▶ _How to complete this task_: Starting with the first line below, reproduce each line exactly until you have included the one bearing "Pompeii and Vesuvius".

▶ _Information given_:

_ _ _ _ _ _ _

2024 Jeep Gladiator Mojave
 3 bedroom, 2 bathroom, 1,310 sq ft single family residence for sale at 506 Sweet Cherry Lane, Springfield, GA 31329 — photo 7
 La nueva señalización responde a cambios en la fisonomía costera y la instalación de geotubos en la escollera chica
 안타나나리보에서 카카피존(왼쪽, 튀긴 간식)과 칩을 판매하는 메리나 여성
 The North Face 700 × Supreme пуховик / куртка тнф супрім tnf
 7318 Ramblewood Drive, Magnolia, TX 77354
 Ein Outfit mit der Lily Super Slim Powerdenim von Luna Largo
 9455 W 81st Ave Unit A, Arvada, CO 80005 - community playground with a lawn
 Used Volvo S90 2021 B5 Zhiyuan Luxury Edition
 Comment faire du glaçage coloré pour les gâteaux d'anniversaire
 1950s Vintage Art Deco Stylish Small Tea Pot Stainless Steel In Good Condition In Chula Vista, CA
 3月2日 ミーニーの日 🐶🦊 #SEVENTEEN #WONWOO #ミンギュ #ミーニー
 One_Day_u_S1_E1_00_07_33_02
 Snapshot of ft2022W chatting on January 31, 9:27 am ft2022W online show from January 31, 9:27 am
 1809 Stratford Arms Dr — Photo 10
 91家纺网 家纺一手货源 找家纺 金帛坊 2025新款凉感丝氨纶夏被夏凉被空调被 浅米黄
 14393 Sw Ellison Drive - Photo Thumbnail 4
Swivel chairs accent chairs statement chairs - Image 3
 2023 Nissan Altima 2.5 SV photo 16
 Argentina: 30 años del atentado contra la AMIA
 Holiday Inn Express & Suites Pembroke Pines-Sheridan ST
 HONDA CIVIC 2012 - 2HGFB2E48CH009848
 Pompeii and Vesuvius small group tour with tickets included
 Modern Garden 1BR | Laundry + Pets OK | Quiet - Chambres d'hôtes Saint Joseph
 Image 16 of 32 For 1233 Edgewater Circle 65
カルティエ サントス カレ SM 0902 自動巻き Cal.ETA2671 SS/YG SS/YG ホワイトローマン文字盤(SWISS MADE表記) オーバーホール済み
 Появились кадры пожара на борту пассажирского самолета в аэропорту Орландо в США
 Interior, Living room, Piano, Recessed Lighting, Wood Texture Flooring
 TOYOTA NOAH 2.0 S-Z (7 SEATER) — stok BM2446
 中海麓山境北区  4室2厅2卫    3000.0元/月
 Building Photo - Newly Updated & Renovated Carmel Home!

_ _ _ _ _ _ _

▶ _Response to this task_:
2024 Jeep Gladiator Mojave
 3 bedroom, 2 bathroom, 1,310 sq ft single family residence for sale at 506 Sweet Cherry Lane, Springfield, GA 31329 — photo 7
 La nueva señalización responde a cambios en la fisonomía costera y la instalación de geotubos en la escollera chica
 안타나나리보에서 카카피존(왼쪽, 튀긴 간식)과 칩을 판매하는 메리나 여성
 The North Face 700 × Supreme пуховик / куртка тнф супрім tnf
 7318 Ramblewood Drive, Magnolia, TX 77354
 Ein Outfit mit der Lily Super Slim Powerdenim von Luna Largo
 9455 W 81st Ave Unit A, Arvada, CO 80005 - community playground with a lawn
 Used Volvo S90 2021 B5 Zhiyuan Luxury Edition
 Comment faire du glaçage coloré pour les gâteaux d'anniversaire
 1950s Vintage Art Deco Stylish Small Tea Pot Stainless Steel In Good Condition In Chula Vista, CA
 3月2日 ミーニーの日 🐶🦊 #SEVENTEEN #WONWOO #ミンギュ #ミーニー
 One_Day_u_S1_E1_00_07_33_02
 Snapshot of ft2022W chatting on January 31, 9:27 am ft2022W online show from January 31, 9:27 am
 1809 Stratford Arms Dr — Photo 10
 91家纺网 家纺一手货源 找家纺 金帛坊 2025新款凉感丝氨纶夏被夏凉被空调被 浅米黄
 14393 Sw Ellison Drive - Photo Thumbnail 4
Swivel chairs accent chairs statement chairs - Image 3
 2023 Nissan Altima 2.5 SV photo 16
 Argentina: 30 años del atentado contra la AMIA
 Holiday Inn Express & Suites Pembroke Pines-Sheridan ST
 HONDA CIVIC 2012 - 2HGFB2E48CH009848
 Pompeii and Vesuvius small group tour with tickets included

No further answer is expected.